In an absolutely damning 11-page statement he alleges that Pope Francis not only knew about the accusations of disgraced Cardinal Theodore McCarrick but that he worked to remove restrictions placed on the Cardinal by Pope Benedict XVI, placed McCarrick in a role of trusted advisor, and vetted those not willing to be complicit with the cover up.
Archbishop Viganò writes that Pope Francis once asked him what McCarrick was like in order, says Viganò, “to find out if I was an ally of McCarrick or not.”
Pope Francis, he says, was an ally to the sexual predator and covering for his behaviour. Without a doubt.
If Viganò is telling the truth, and we have no reason to think that a retired Vatican diplomat wouldn’t be, this scandal is nothing short of earth-shattering. It implicates the hierarchy of the Catholic Church to the very, very top. To the Pope himself who seems no only complicit in covering up sexual abuse but of nefariously screening out those who wouldn’t go along with it, only acting on the long-proven accusations when his hand was absolutely forced by media scrutiny.
And the scariest thing, for me, is that it goes to character.

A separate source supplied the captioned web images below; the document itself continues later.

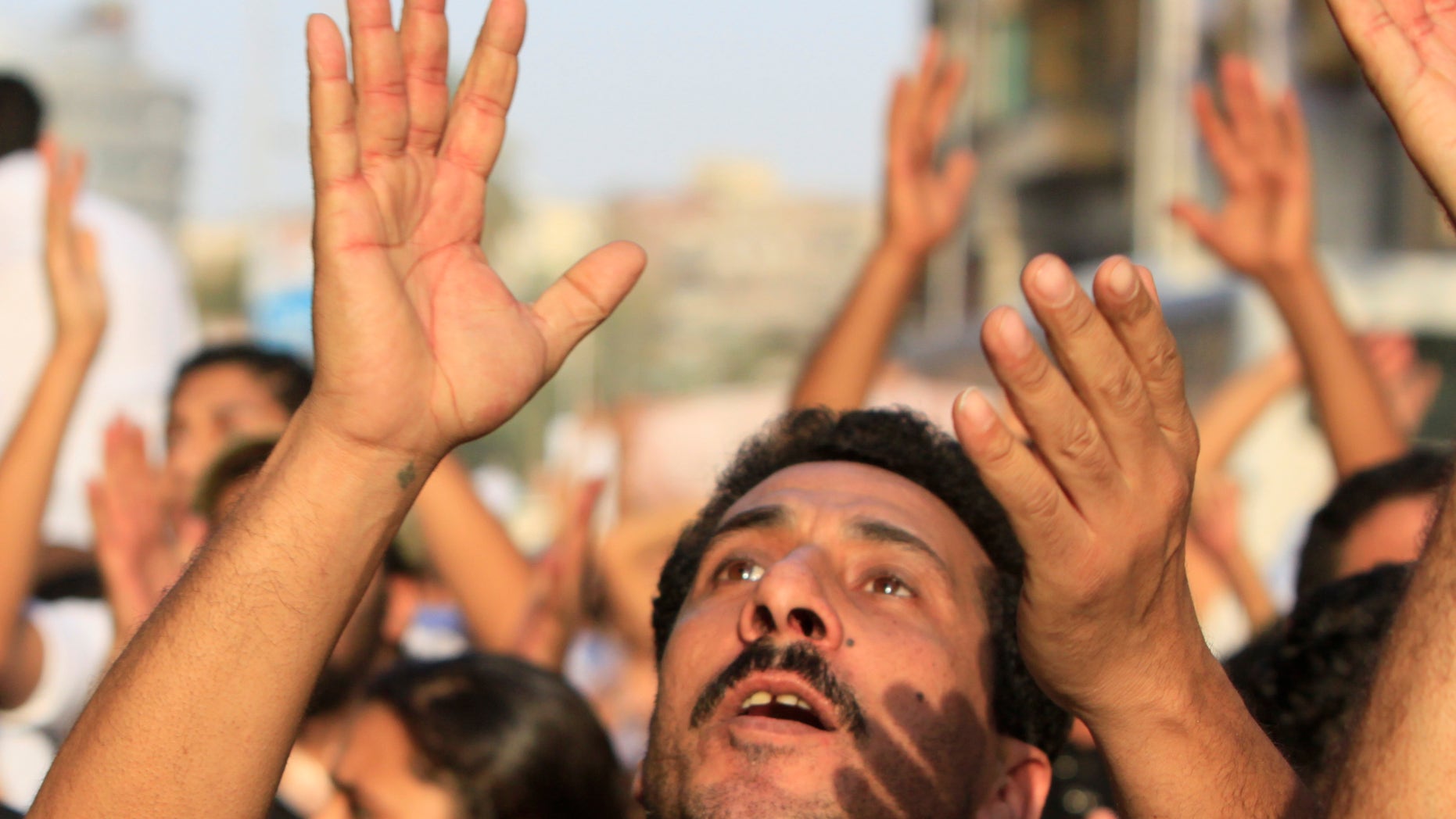 Angry Egyptian Christians protest against the military ruling council in Cairo Egypt, Monday, Oct.10, 2011, a day after at least more than two dozen were killed when Christians, angered by a recent church attack, clashed Sunday night with Muslims and security forces outside the state television building in central Cairo.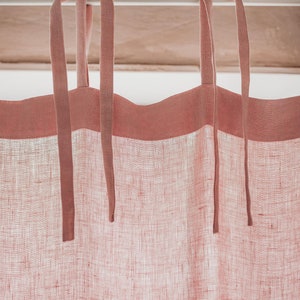 May include: A pair of pink linen curtains with a pink trim and tie-backs. The curtains are hanging from a white rod.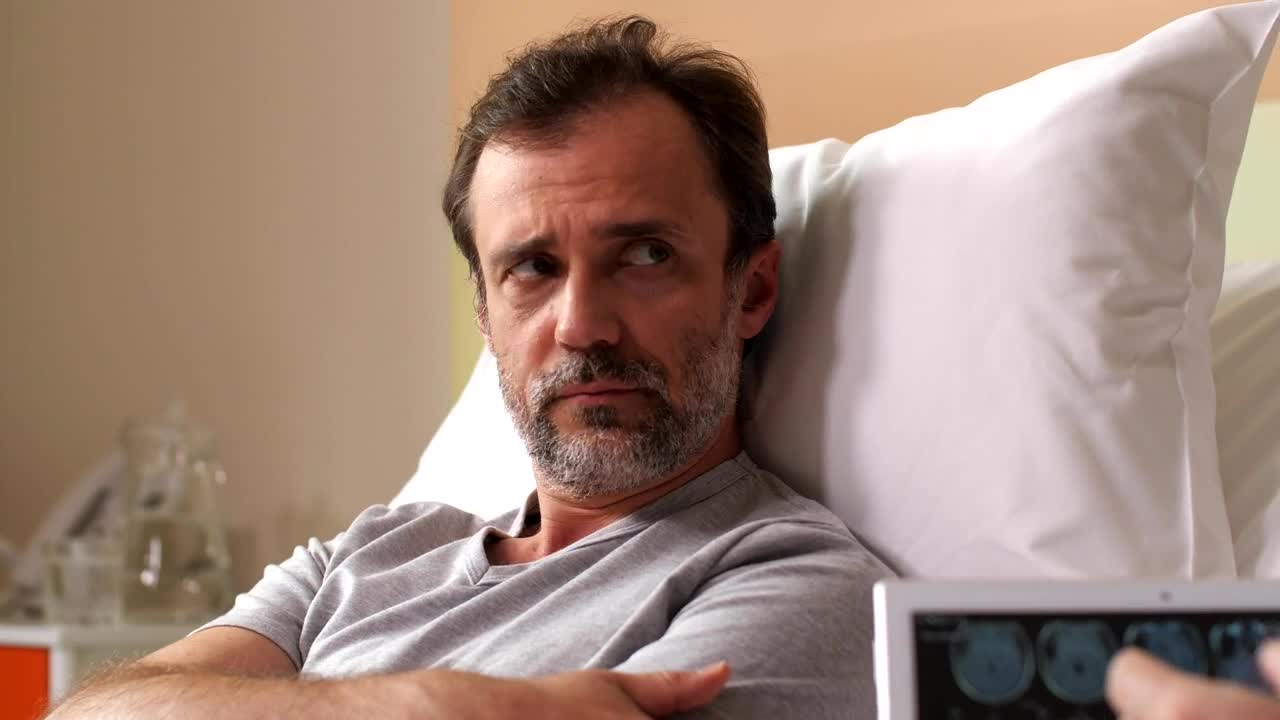 Stock Video Man Given Bad News By Their Doctor Animated Wallpaper - Free Download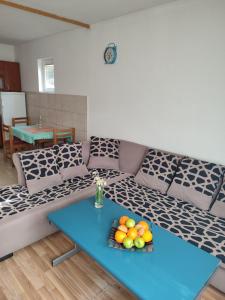 a living room with a couch with a blue table at Apartment Pantovic in Plužine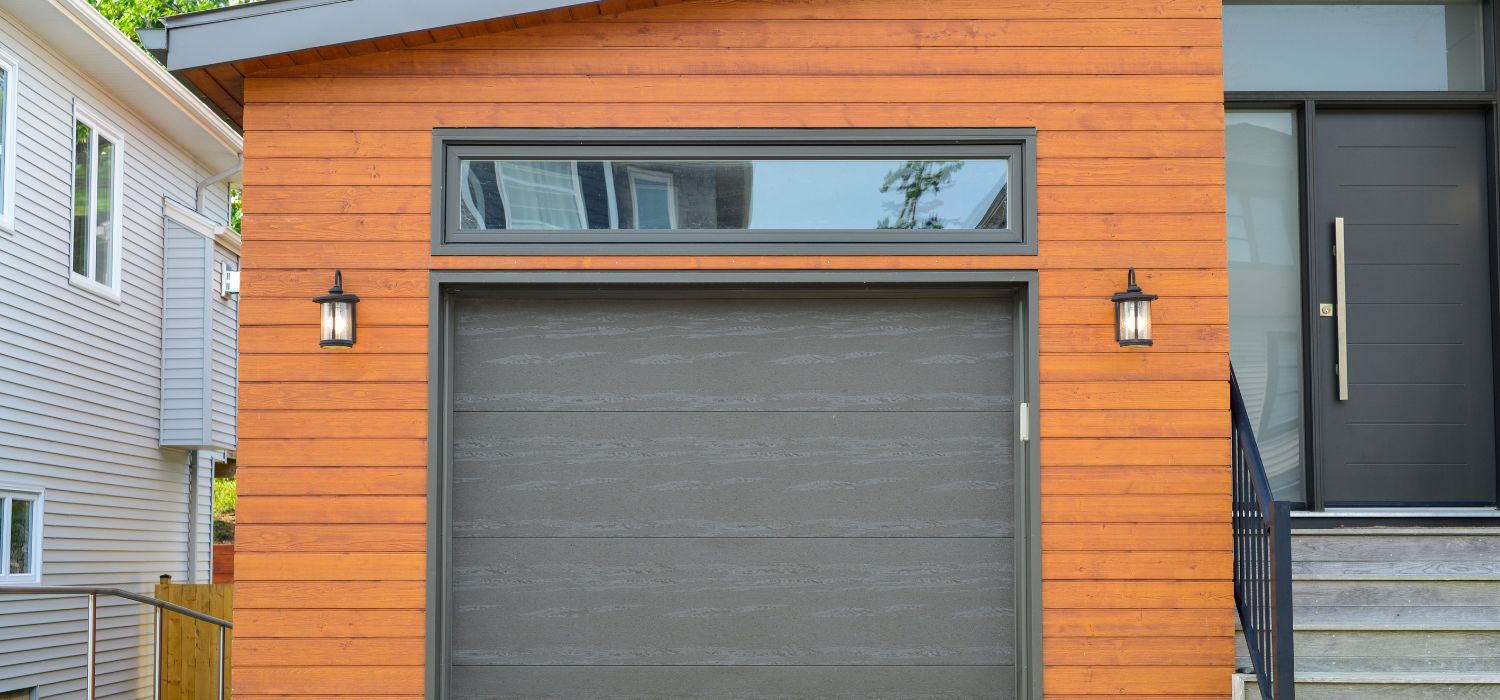 Modern residential garage door with a wood-style exterior and metal frame, showing a contemporary home design suitable for humid climates.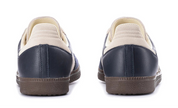 Navy and beige shoes on a white background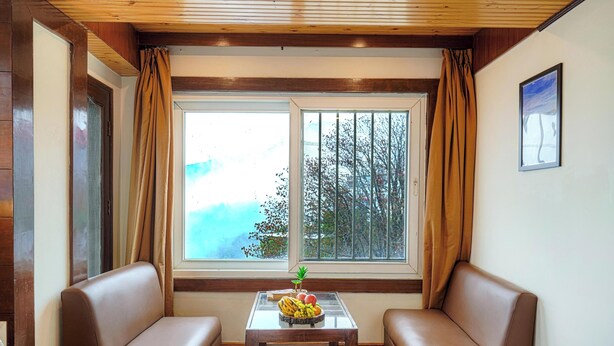 A room with two brown leather sofas, a glass-top table with fruit, a window with curtains, and a framed picture on the wall.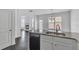 The kitchen features a breakfast bar, double sinks, granite countertops and open access to other rooms at 2377 Proctor Creek Enclave, Acworth, GA 30101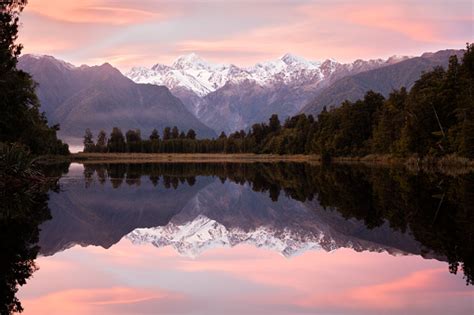 Pink Sunrise Over Lake Matheson South Island New Zealand Stock Photo - Download Image Now - iStock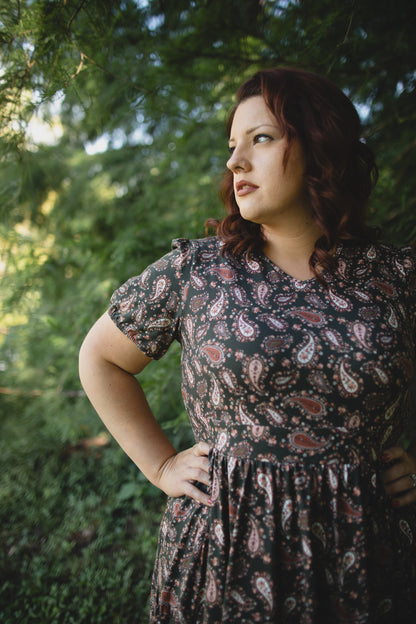 woman wearing a modest nursing floral dress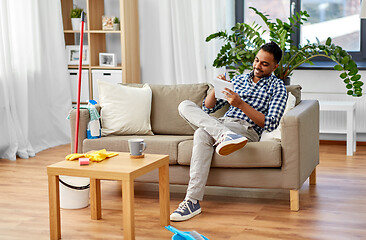 Image showing indian man making to do list after home cleaning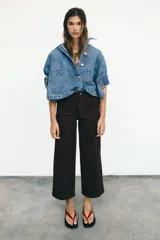 Jeans de tiro alto con diseño wide leg y corte cropped. Presenta cinco bolsillos, cierre frontal con cremallera y botón metálico.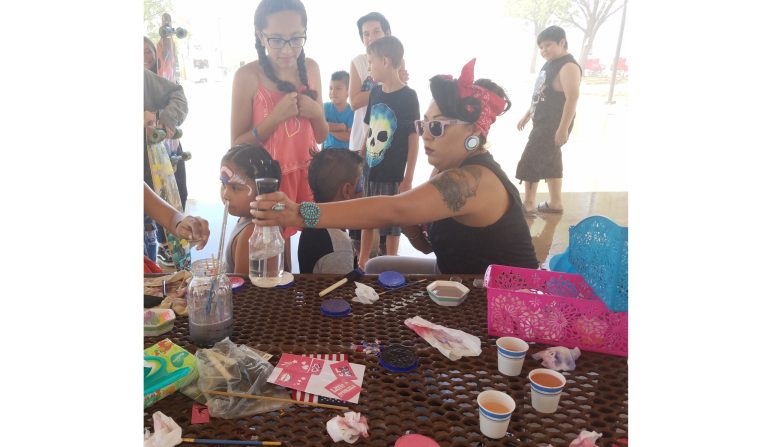 Photo by L. ParsonsSkye Gonnie (right) and other members of the Cherry Bombs charity group helped entertain children and families at the Freedom Fest on July 4 in Winslow. Face painting, games, and a patriotic parade were enjoyed.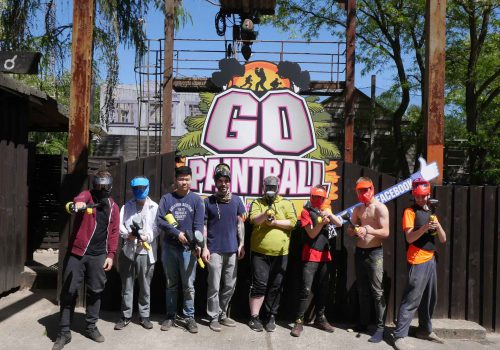 8 Personen beim Paintball. Alle stehen mit Maske und ihren Markierern vor einem großen Schild auf den "Go Paintball" steht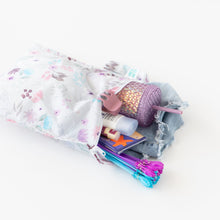 Load image into Gallery viewer, Bumkins Wet Bag: Floral lays open on a white background with a tumbler, clothes, toys, and toiletries inside.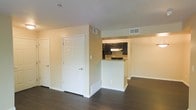 This single-floor residence features a clean, functional layout with warm neutral walls and dark hardwood-style flooring that flows throughout the main living area, creating a cohesive and modern aesthetic. The open-concept design connects the living space to a semi-open kitchen, which is defined by a half-wall pass-through that provides separation while maintaining visual connectivity. The kitchen is equipped with dark cabinetry on both the upper and lower sections, a built-in range with an overhead vent hood, and a microwave, offering a practical and stylish cooking area. Recessed HVAC vents are positioned throughout the ceiling and lower walls, ensuring efficient climate control. The living area benefits from multiple doorways, suggesting access to additional rooms or storage spaces, and white six-panel doors contribute to the crisp, clean finish of the interior trim work. White baseboards frame the perimeter of the space, complementing the neutral palette. The overall ambiance is bright, open, and move-in ready, with a straightforward layout designed for practical everyday living.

When the scandal in Pennsylvania broke we had no doubt that those priests and bishops involved in covering up the abuse were monsters. We condemned them in the strongest possible terms and called for their resignations, as we should. It is a horrible act to abuse anyone, it is almost a more condemnable act to work to try and make that abuse go away, to cover it up.
And here is the Pope, accused of the very same thing.
The Pope who is open and honest with the media. Whose persona is built on the ostensible warmth and welcome of Christ. Who has, in large part, enchanted the secular world with his gregarious personality and apparent opening up of the doors of the Catholic Church. However mixed his reviews might be amongst earnest and devout Catholics, Pope Francis is the loving face of the estimated 1.2 billion Catholics worldwide.
For better or for worse.
And if these allegations prove true—and, truly, they will need to be proven—this could be the most devastating blow to the psyche and spirit of the Church since the Reformation tore the Body of Christ asunder five hundred years ago.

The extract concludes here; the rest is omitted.